MATERIAL PROVIDED:
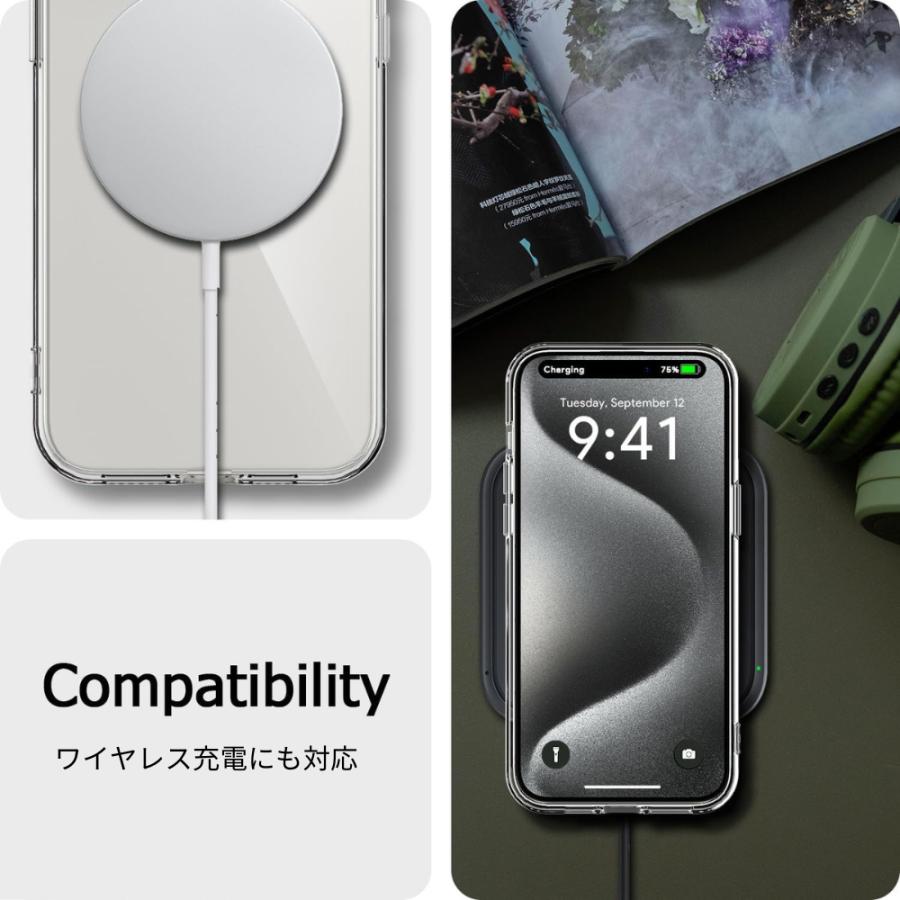iPhone17e iPhone16e ケース クリア iPhone SE ケース iPhone15 14 13 ケース iPhone12mini 16Pro 13mini Air Pro Max ケース | iPhone | 07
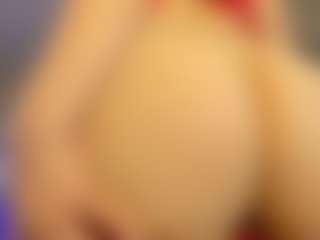 Sofii-Wild's Live Sex Cam Show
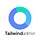 Tailwind Admin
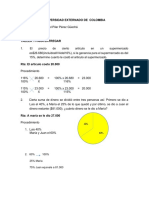 1 - 1taller Resuelto PDF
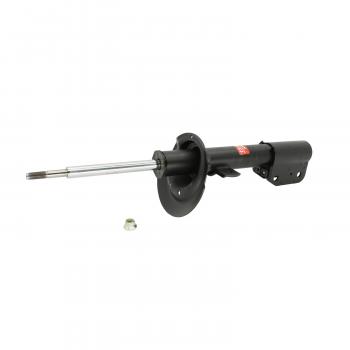 KYB 339148 - Suspension Strut Product image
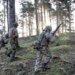 Растущее число СОЧ в Сила обороны: командир 3 ОШБр назвал причины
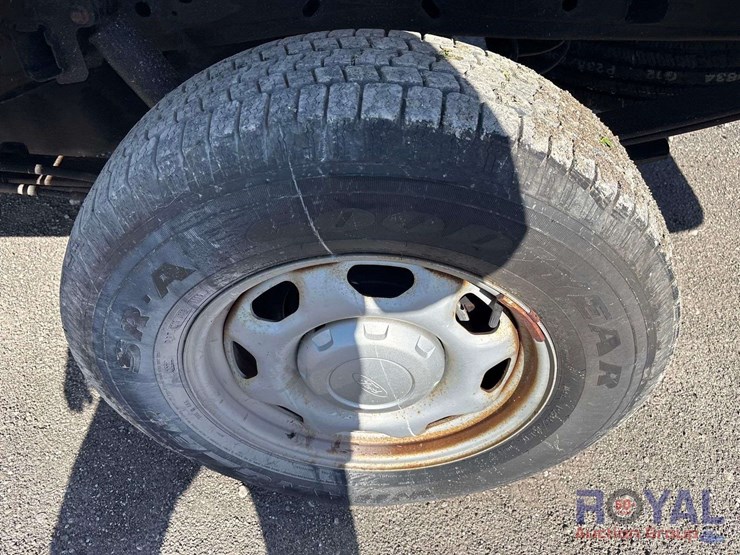 2013-ford-f150-image-22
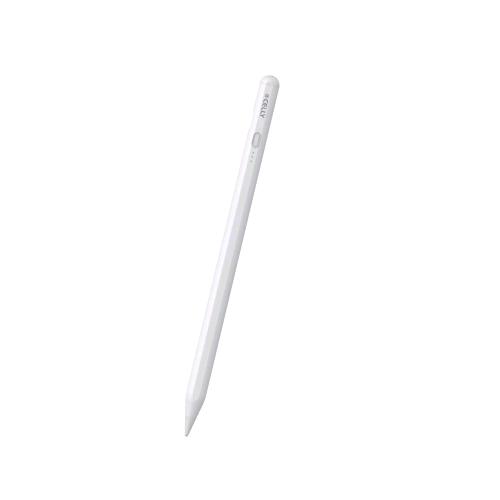 Celly Ipad Smart Pencil Penna Smart Bianco - RMN negozio di elettronica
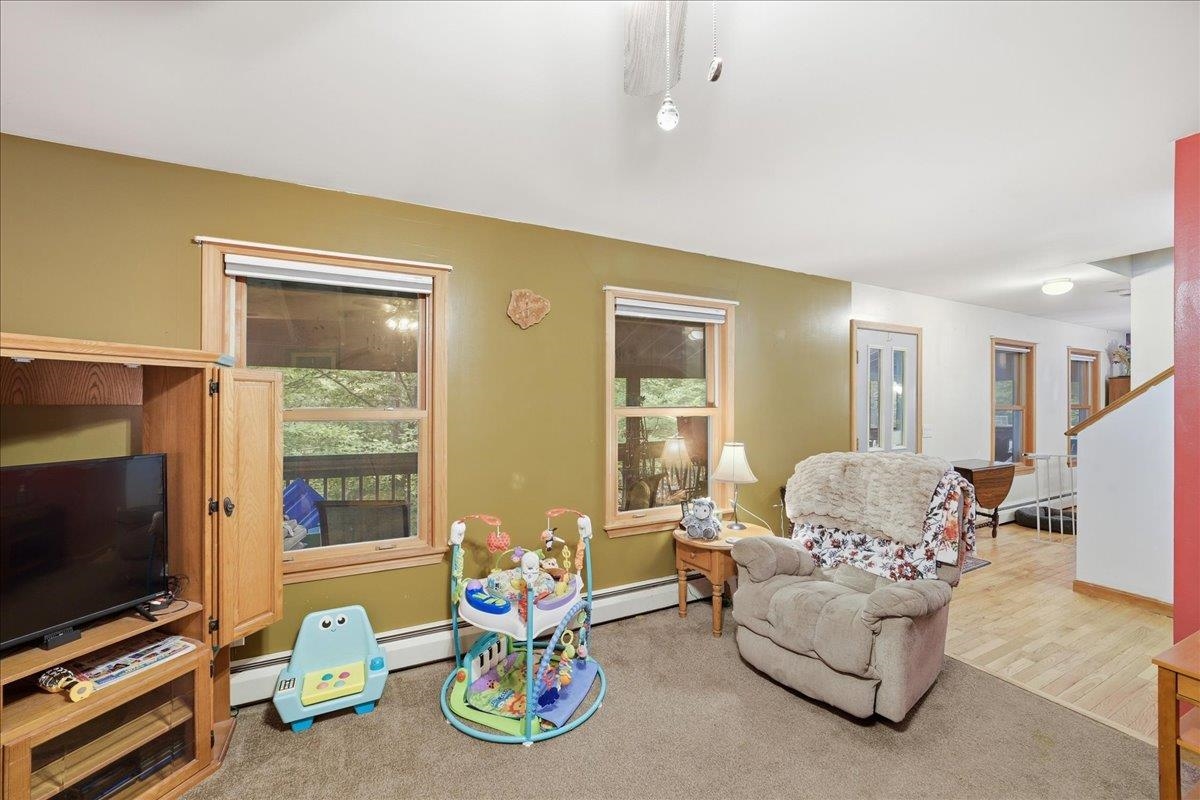 13 Broadview Estates Property Photo 14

PROBLEM STATEMENT:
Could you set down word for word each line from the one holding "Celly Ipad Smart" through the end of the material above, without any pictures?

RESPONSE TO THIS EXERCISE:
 Celly Ipad Smart Pencil Penna Smart Bianco - RMN negozio di elettronica
 13 Broadview Estates Property Photo 14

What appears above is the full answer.